Dashiell estimated that work on the bridge will likely cost a little more than $135,000, though the majority of that appears eligible for reimbursement from the Federal Highways Administration. “The assumption is we’ll get 88.53 percent” reimbursement, he said, adding that the Mendo County Dept. of Transportation’s budget is such that “We can wait to get reimbursed. Hopefully, that won’t be too many months away.” The contract with Green Right O’ Way is for $30,000. The firm was one of six companies that bid on the project. Bids ranged from 21 percent to 0 percent markup from prices determined by the California Department of Industrial Relations.
Bailey Bridges are a kind of portable, prefabricated, steel truss bridge, invented in the early 1940s by an English civil engineer named Donald Bailey. Bailey was later knighted for the role his invention played in the Second World War, allowing the Allies to move quickly across Italy and France without having to stop to build whole bridges. The parts of the bridges are interchangeable, so damaged components are easily replaced. In theory, each section can be carried by four infantrymen, though the crew on the steep slope of Orr Springs Road avails itself of heavy machinery. Eleven men were working on the bridge on Wednesday morning, with the county and Green Right O’ Way contributing four men each to the crew, plus three engineers and administrative workers from the county.

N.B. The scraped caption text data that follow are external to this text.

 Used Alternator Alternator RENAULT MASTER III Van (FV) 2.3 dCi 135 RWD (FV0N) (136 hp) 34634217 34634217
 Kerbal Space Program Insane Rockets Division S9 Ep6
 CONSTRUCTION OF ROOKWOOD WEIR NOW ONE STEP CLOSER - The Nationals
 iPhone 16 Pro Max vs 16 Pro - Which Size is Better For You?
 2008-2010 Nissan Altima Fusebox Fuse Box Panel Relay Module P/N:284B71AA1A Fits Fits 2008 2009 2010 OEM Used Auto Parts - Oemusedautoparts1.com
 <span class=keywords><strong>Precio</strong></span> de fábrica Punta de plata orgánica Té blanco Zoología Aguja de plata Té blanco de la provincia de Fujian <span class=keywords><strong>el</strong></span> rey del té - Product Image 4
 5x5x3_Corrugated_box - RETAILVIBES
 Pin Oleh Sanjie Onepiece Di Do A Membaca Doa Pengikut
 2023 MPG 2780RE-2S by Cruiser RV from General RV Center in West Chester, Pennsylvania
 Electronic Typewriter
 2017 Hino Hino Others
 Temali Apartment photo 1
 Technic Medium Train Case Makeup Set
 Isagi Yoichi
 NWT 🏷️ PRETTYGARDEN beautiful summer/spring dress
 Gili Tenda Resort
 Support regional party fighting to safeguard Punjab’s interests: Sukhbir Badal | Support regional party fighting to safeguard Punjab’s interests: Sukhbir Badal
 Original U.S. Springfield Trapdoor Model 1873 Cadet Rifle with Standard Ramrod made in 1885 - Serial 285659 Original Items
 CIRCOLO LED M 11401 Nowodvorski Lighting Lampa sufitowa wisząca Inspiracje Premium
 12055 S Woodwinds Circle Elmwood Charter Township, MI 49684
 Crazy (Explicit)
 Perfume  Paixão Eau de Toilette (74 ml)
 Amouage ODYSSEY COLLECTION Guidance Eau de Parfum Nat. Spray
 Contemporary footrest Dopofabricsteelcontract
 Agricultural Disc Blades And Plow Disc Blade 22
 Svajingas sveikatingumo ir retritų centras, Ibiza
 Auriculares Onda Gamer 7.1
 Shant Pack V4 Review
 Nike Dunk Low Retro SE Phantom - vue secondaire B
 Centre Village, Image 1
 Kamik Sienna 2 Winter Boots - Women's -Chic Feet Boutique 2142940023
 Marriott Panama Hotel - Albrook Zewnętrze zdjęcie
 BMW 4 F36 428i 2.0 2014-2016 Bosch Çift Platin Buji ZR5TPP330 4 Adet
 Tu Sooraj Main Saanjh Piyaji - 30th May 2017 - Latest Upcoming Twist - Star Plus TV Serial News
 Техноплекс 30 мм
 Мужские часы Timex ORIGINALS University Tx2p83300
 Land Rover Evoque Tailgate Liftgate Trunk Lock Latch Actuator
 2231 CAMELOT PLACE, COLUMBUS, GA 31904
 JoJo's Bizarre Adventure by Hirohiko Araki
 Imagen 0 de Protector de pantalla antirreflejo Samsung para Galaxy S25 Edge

“The military will take a unit and literally train them over and over, because they’re supposed to do these in battle,” said Dashiell. In addition to lacking a military unit that does nothing but train on building bridges all day, crews are constrained by pedestrians. With a section of the road missing, the trip to Ukiah from Orr Springs Road has gone from an hour and a half to easily two hours in some cases. As a solution, people have taken to driving up to the break in the road, walking across and getting picked up. Some residents park a second car on the Ukiah side of the road, and drive into town after a brisk stroll on Orr Springs Road.
When the Mendo Voice arrived at the site shortly after 10am, two men were walking up the hill from the Ukiah side to meet another group of people who were giving them a ride further up the road. When the Mendo Voice left, about an hour later, a woman walked through the work site to the Ukiah side, carrying two bags. “It slows down the crews because they have to stop” for safety reasons, explained Justin Brandt, an engineer on the project. Pedestrian trips of “five minutes start to add up, throughout the day.”
There are a couple of unconventional things about this bridge, one of them being that it is composed of parts from two Bailey Bridges belonging to the county. This is why motorists will notice that some sections are green and some are gray. Dashiell estimated that one of the bridges had been in the county’s possession “forever,” while the other was purchased in 1997, to go over Robinson Creek. One of them was used on the “bottomless culverts” of Flynn Creek.
Another unusual aspect of the bridge is that it is being built on a slope, which necessitated foundation plates on the downhill side. The site also had a super elevation, which caused it slope from side to side as well.